The programme includes:
Johannes Brahms
Piano Concerto No 2 in B Flat Major, Op. 83
Johannes Brahms
Symphony No 1 in C Minor, Op. 68
Barely familiar with his piano sonatas, Robert Schumann saw a symphony composer in Brahms. Composing for orchestra was Schumann’s legacy to his younger colleague. Clara Schumann, who had at one time inspired her brilliant husband to turn to the symphony genre, now inspired Brahms to work in that genre too (interestingly, both composers wrote four symphonies apiece).
In Brahms’ First Symphony (1862–1876) there is much that is reminiscent of Beethoven. The music moves “from darkness to light,” here you can sense the desire and readiness “to grab destiny by the throat” and the entire first movement flows in a battle between high and low voices.
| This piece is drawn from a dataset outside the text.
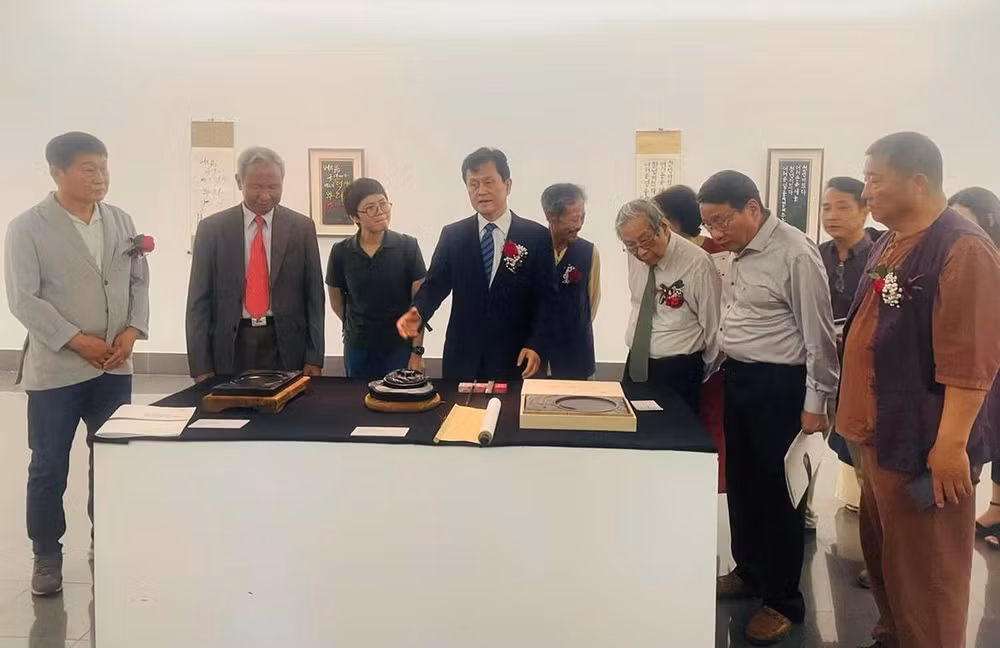 Các đại biểu nghe giới thiệu về kiệt tác nghiên mực Nampo.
Following the example of Haydn’s late sonatas and Beethoven’s Third Piano Concerto, the second movement was composed in a tonality very remote from the main one as if it were flowing in some other reality. The third movement is a gracious and feminine scherzo. The finale is one of Brahms’ most intense achievements, one of which he was justifiably proud. The broad theme in major key from the introduction may have suggested to Mahler the idea that a “symphony should be like the world.” The main theme with its many voices resounds like a chorale, in parts resembling Beethoven’s Ode to Joy: after the battle in the first movement, in the finale a long-awaited union occurs.
The symphony was published by Simrock, and published so well that Brahms wrote to his publisher of their joint work “It is lying on the piano and is delighting and surprising everyone; I have to stop young composers seeing it, otherwise you would be sent too many symphonies.”